2. The method of claim 1, wherein the expression levels of at least two genes in at least one of the signatures (a)-(q) are determined in a biological sample obtained from the patient.
3. The method of claim 1, wherein the expression levels of at least three genes in at least one of the signatures (a)-(q) are determined in a biological sample obtained from the patient.
4. The method of claim 1, wherein the expression levels of each gene in at least one of the signatures (a)-(q) is determined in a biological sample obtained from the patient.
5. The method of claim 1, wherein the expression levels of at least one gene in at least two, at least three, at least four, at least five, at least six, at least 7, at least 8 at least 9 at least 10, at least 11, at least 12, at least 13, at least 14, at least 15 or at least 16 of the signatures (a)-(q) are determined in a biological sample obtained from the patient.
6. The method of claim 1, wherein the expression levels of at least one gene in each of the signatures (a)-(q) are determined in a biological sample obtained from the patient.

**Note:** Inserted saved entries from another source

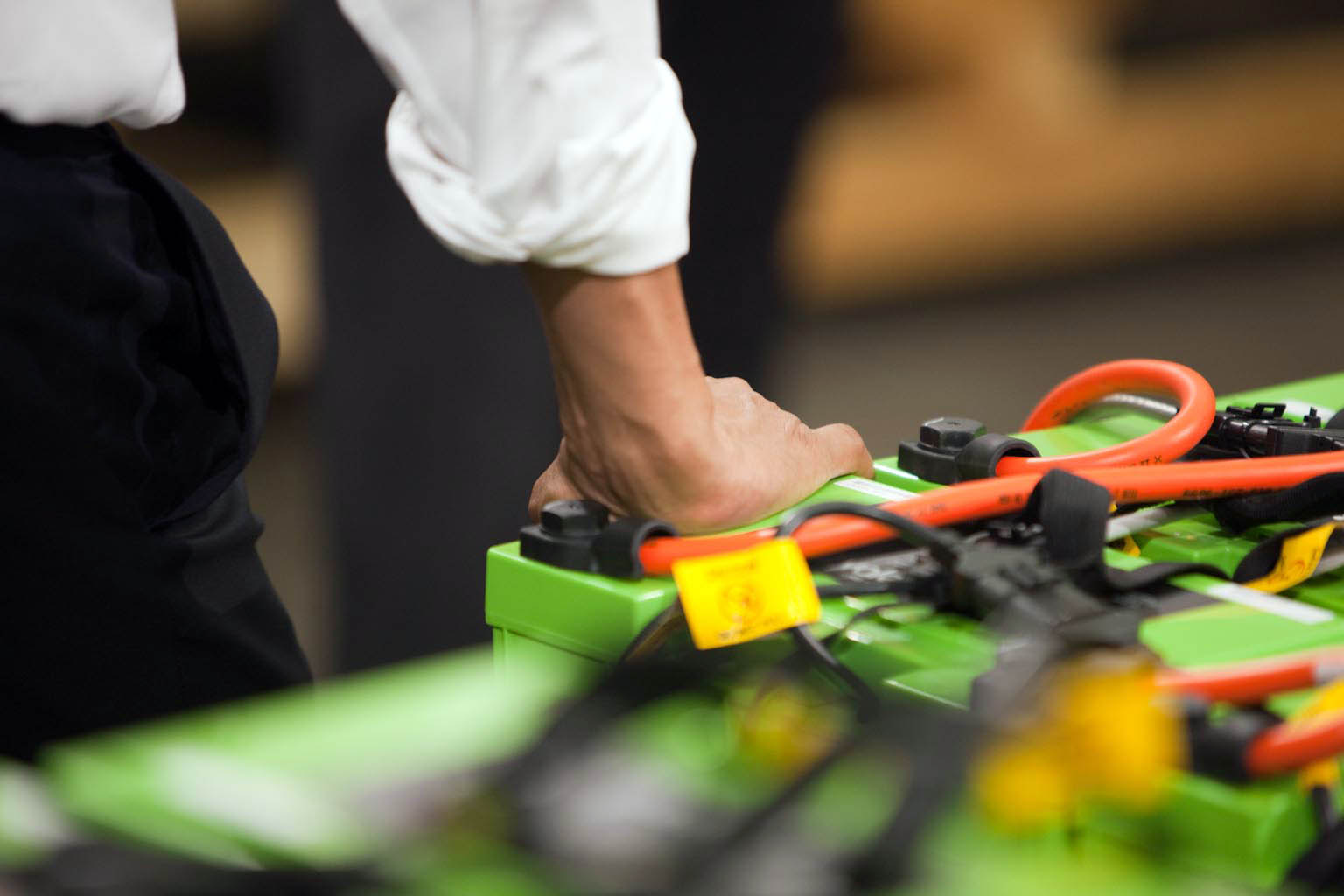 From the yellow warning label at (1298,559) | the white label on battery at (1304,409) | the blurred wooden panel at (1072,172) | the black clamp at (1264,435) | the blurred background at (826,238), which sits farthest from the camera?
the blurred wooden panel at (1072,172)

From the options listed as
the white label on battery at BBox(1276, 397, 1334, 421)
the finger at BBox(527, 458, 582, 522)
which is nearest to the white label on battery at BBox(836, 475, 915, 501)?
the finger at BBox(527, 458, 582, 522)

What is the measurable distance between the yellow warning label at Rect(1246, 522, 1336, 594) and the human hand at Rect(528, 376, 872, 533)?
0.19 m

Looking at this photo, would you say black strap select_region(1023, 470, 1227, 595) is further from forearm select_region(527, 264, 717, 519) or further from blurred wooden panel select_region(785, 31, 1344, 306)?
blurred wooden panel select_region(785, 31, 1344, 306)

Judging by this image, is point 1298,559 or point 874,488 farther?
point 874,488

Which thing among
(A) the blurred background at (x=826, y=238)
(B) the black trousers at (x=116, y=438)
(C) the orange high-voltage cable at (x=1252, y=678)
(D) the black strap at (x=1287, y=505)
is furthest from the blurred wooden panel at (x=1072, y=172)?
(C) the orange high-voltage cable at (x=1252, y=678)

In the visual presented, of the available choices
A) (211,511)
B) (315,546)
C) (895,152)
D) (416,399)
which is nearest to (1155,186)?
(895,152)

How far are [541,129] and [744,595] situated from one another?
0.67ft

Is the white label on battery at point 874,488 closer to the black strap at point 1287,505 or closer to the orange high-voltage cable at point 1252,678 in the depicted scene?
the black strap at point 1287,505

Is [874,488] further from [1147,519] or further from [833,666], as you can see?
[833,666]

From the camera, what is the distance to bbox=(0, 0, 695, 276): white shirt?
23.5 inches

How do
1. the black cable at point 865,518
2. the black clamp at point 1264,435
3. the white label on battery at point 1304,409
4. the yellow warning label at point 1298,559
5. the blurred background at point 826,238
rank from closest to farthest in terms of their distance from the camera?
the black cable at point 865,518 < the yellow warning label at point 1298,559 < the black clamp at point 1264,435 < the white label on battery at point 1304,409 < the blurred background at point 826,238

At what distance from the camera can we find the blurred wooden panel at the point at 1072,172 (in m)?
3.01

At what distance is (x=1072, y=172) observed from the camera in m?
3.24

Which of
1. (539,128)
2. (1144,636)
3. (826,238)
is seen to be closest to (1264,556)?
(1144,636) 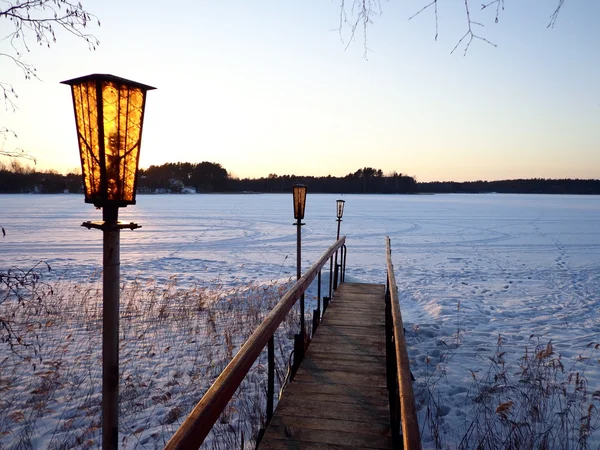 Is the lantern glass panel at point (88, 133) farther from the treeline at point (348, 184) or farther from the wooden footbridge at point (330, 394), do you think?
the treeline at point (348, 184)

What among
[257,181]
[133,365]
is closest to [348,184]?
[257,181]

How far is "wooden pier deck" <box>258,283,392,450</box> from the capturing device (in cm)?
304

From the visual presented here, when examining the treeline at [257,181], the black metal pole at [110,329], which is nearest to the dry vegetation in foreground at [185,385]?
the black metal pole at [110,329]

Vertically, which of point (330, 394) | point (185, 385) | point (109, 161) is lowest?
point (185, 385)

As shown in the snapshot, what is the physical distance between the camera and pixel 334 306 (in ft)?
23.1

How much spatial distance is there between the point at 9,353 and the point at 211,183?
4324 inches

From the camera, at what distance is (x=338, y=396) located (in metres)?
3.71

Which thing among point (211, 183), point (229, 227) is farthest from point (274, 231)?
point (211, 183)

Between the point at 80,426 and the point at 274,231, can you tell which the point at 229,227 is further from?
the point at 80,426

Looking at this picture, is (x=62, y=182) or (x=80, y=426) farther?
(x=62, y=182)

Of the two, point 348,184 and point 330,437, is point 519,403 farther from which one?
point 348,184

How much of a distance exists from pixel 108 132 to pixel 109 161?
0.15 m

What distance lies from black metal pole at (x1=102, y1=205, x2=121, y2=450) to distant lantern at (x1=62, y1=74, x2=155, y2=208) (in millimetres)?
126

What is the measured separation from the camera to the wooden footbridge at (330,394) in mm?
1951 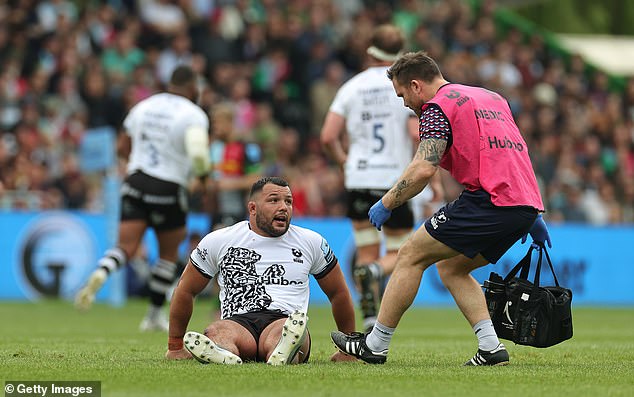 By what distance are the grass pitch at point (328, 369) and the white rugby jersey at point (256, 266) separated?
0.51 m

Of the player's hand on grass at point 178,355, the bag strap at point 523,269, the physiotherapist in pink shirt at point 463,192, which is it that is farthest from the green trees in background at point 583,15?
the player's hand on grass at point 178,355

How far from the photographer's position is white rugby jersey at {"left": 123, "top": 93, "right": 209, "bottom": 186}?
12586 millimetres

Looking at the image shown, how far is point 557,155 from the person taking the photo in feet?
80.6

7. The method of claim 1, wherein the expression levels of each gene in each of the signatures (a)-(q) are determined in a biological sample obtained from the patient.

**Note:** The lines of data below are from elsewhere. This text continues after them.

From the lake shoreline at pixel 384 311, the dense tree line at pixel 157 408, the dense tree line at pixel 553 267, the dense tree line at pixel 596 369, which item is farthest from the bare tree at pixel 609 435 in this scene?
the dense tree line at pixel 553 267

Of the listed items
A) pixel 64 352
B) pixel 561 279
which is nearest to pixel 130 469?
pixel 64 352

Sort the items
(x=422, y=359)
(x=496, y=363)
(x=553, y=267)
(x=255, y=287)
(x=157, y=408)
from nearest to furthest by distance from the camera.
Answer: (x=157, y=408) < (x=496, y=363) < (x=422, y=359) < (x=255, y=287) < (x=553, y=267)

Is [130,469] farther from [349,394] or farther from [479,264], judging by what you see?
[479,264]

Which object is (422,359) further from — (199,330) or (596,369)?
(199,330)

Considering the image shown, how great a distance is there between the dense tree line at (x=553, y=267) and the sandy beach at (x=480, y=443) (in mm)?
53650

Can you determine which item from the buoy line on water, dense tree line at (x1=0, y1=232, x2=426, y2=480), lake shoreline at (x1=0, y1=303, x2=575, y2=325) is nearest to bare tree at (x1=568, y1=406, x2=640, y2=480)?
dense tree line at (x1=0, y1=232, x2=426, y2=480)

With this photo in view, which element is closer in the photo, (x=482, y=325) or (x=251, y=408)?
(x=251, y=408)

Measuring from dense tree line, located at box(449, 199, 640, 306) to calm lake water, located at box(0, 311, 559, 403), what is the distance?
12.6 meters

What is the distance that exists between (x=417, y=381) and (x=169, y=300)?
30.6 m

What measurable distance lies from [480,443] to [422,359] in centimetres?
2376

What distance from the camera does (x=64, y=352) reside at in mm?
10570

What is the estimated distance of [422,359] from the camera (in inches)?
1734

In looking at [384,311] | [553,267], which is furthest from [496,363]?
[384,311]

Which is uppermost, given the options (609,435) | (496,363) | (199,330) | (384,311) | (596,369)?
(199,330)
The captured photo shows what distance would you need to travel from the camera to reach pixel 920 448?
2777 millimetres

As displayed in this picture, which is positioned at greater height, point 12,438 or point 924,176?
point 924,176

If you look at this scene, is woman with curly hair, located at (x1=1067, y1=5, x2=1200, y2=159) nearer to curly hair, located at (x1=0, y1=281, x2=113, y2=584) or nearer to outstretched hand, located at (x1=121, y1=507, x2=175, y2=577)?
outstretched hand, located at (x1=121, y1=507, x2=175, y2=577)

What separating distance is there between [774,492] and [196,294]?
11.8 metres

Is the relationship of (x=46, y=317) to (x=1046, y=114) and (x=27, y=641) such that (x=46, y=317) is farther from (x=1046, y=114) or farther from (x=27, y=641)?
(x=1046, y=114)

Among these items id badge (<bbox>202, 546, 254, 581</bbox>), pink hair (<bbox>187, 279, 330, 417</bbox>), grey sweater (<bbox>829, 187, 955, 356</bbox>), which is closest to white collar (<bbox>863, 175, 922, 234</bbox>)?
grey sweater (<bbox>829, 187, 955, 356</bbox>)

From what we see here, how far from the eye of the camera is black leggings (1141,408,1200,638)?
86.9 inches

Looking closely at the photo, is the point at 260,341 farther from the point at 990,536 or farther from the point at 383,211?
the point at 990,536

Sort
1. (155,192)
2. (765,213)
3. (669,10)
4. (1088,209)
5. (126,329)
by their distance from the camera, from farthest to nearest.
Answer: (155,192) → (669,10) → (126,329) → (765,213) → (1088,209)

8. The method of claim 1, wherein the expression level of one or more of MKI67, CEP55, KIF2C, MELK, CENPF, EXO1, ANLN, RRM2, UBE2C, CCNB1 or CDC20 is determined in a biological sample obtained from the patient.
9. The method of claim 1, wherein the expression level of one or more of FAP, COL6A3, ADAM12, OLFML2B, PDGFRB or LRRC32 is determined in a biological sample obtained from the patient.

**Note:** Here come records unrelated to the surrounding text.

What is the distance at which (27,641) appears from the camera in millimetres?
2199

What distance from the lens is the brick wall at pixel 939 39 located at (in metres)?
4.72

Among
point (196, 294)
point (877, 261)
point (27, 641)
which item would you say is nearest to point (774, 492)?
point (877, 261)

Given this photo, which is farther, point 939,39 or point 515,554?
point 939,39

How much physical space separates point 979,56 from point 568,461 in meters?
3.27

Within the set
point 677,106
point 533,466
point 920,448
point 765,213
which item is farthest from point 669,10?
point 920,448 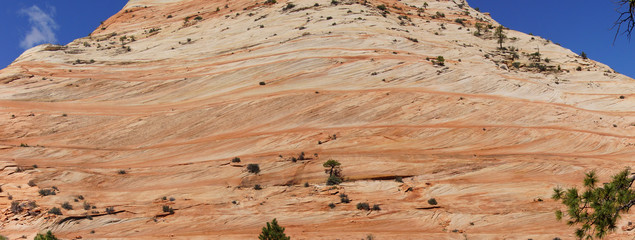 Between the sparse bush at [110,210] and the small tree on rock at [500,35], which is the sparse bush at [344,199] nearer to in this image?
the sparse bush at [110,210]

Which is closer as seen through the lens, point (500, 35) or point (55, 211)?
point (55, 211)

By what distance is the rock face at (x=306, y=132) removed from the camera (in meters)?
19.2

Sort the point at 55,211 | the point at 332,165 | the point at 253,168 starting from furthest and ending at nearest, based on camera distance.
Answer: the point at 253,168 → the point at 332,165 → the point at 55,211

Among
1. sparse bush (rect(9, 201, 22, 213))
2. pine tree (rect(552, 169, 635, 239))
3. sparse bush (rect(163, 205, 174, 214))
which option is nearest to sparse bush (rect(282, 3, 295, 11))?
sparse bush (rect(163, 205, 174, 214))

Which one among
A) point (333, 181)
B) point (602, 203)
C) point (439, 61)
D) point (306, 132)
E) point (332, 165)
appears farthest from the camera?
point (439, 61)

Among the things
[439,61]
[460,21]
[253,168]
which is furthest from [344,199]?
[460,21]

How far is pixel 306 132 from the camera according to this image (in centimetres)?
2545

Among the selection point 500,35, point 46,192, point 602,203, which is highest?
point 500,35

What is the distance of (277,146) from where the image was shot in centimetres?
2453

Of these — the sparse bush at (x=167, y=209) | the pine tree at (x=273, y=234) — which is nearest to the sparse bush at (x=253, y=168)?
the sparse bush at (x=167, y=209)

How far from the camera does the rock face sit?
63.1 feet

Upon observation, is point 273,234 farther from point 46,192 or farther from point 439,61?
point 439,61

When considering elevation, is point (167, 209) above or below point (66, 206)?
below

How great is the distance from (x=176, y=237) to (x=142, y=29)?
32124 millimetres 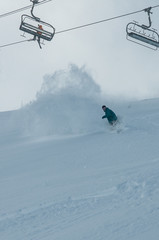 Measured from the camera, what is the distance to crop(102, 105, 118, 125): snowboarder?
1797 cm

10. The method of claim 1, wherein the expression level of one or more of CXCL10, CXCR3, CX3CL1, PRF1, GZMK, GZMB, CD27, IL2RG, KLRK1, CTLA4, GZMH, CD3D, KLRB1, KLRD1, LCK, CD5, IRF4, CD8A, CD38, EOMES, GZMM, GNLY, IFITM1, IDO1, MS4A1, GZMA, CD2, CD3E, CD3G, CD40LG, CD6, CD7, CD79A, CD8B, CXCL11, CXCL13, CXCL9, HLA-DOB, IFNG, LAG3, LY9, PDCD1, TBX21, TIGIT, ZAP70, SLAMF7, CD96, PVR, STAT1, JAK1, JAK2, STAT2, IRF9, IGF2R, CD48 or ICOS is determined in a biological sample obtained from the patient.
11. The method of claim 1, wherein the expression level of one or more of ITGAM, TLR4, IL1B, CSF1R, CSF3R, TLR2, TLR1, ITGAX, HCK, TLR8, SLC11A1, CD47, CD14, CLEC4E, CLEC7A, FCAR, FCN1, LILRA5, LILRB2, LYZ, NFAM1, P2RY13, S100A8, S100A9, SERPINA1, SIRPA, SIRPB2, TREM1, CLEC5A, CSF1, CYBB, FCGR1A, MARCO, NLRP3, FPR1, FPR3, CCL3, DAB2, OLR1, C5AR1, TREM2, MRC1 or CEBPB is determined in a biological sample obtained from the patient.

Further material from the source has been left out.